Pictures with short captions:
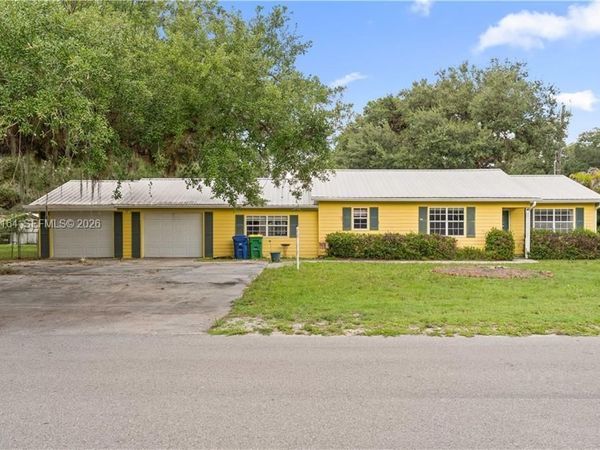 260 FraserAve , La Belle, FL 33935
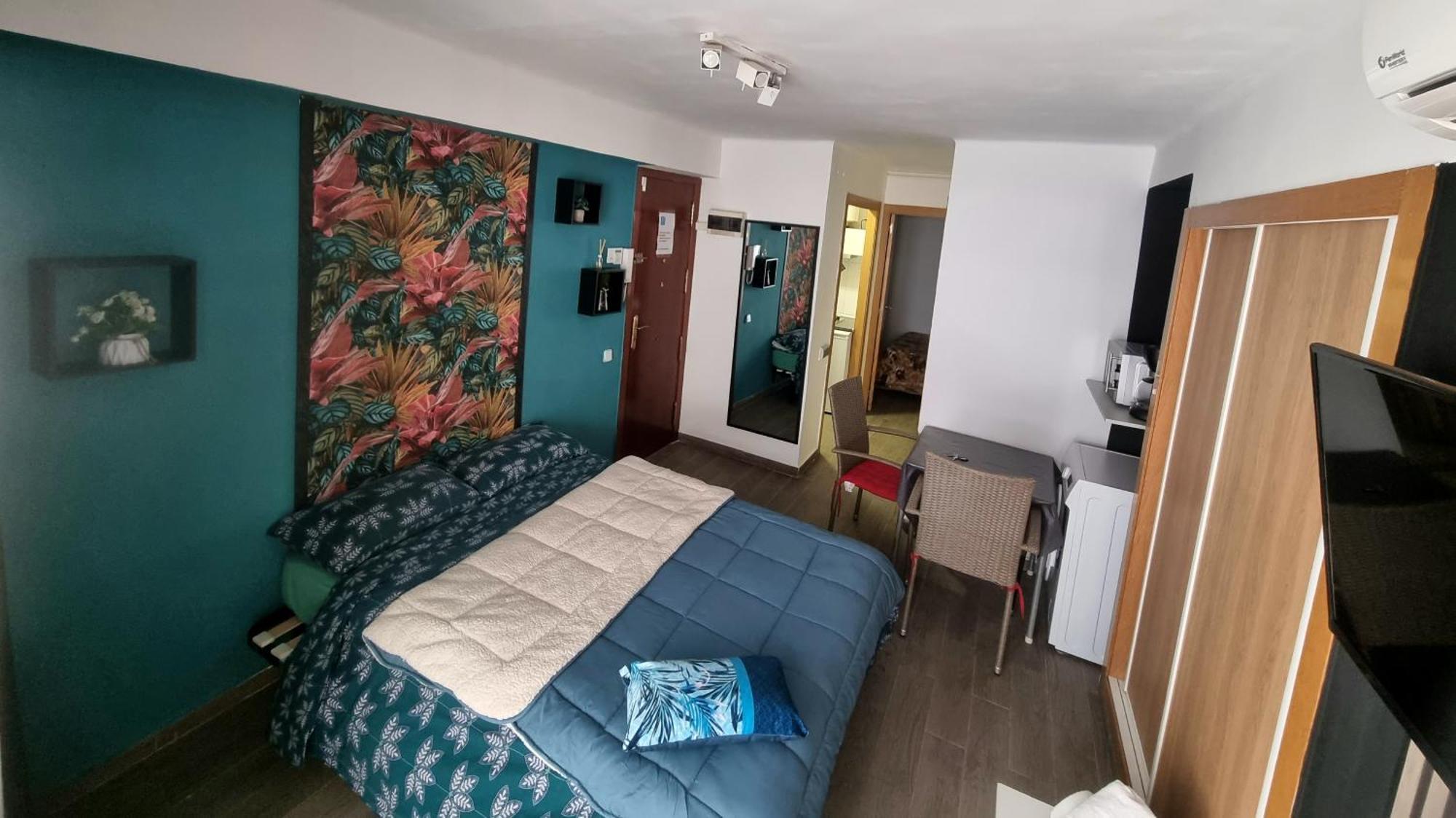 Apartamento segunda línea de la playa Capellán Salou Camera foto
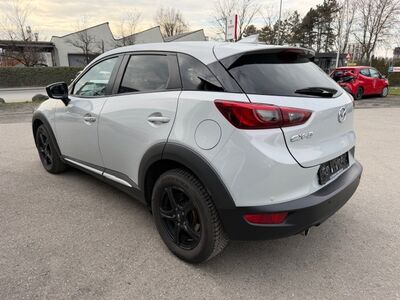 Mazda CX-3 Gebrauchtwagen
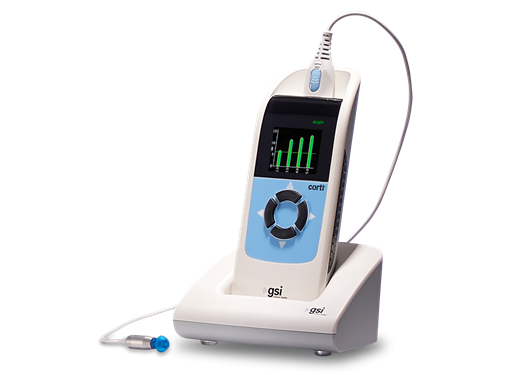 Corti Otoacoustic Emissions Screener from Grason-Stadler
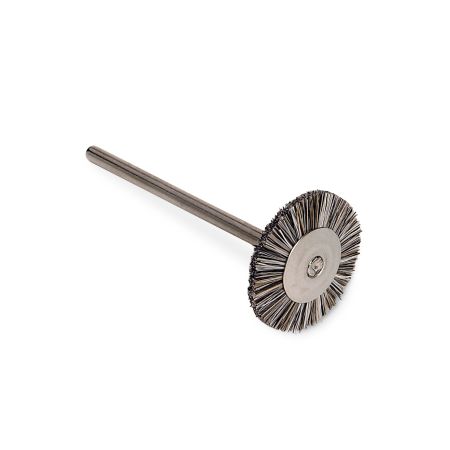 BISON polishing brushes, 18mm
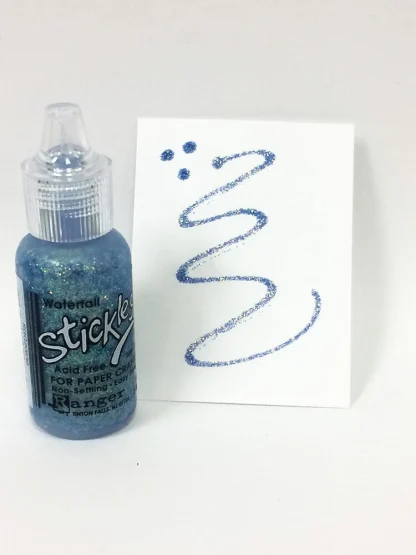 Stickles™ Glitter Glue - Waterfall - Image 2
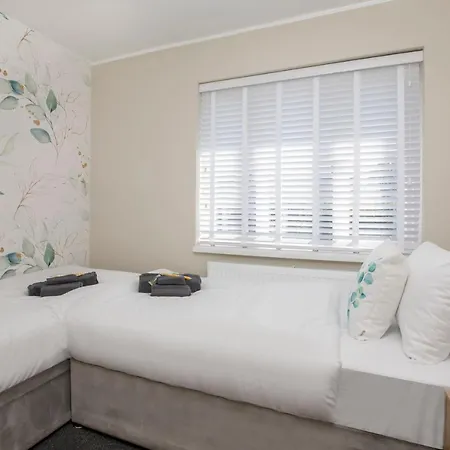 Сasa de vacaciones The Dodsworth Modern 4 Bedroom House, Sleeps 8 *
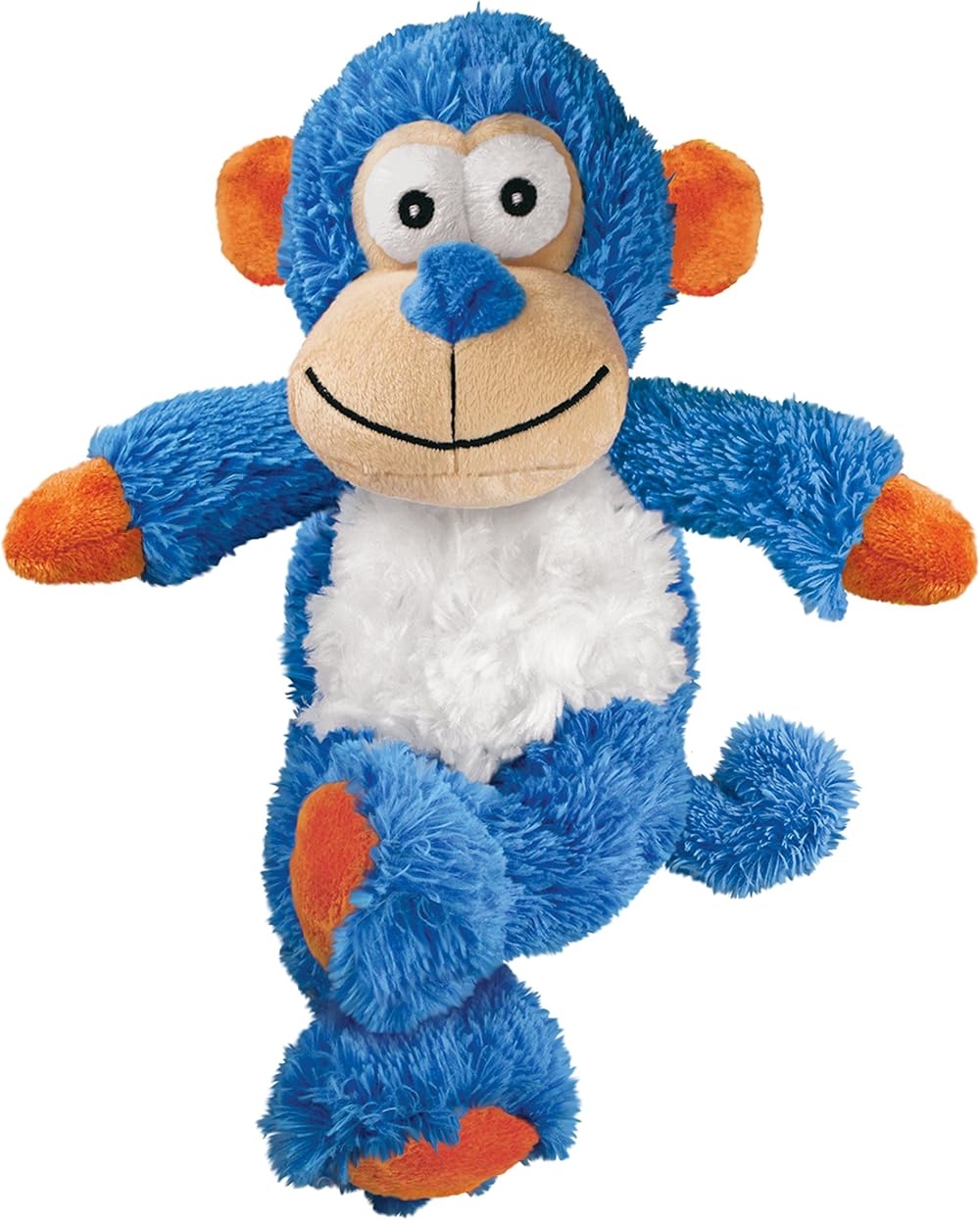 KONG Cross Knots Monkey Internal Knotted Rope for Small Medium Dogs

• _Work to complete_
Please write out exactly the lines starting at the one that contains "BISON polishing brushes, 18mm" and ending with the final line of the entries, both ends included. Do not write out any pictures.

• _Response_
 BISON polishing brushes, 18mm
 Stickles™ Glitter Glue - Waterfall - Image 2
 Сasa de vacaciones The Dodsworth Modern 4 Bedroom House, Sleeps 8 *
 KONG Cross Knots Monkey Internal Knotted Rope for Small Medium Dogs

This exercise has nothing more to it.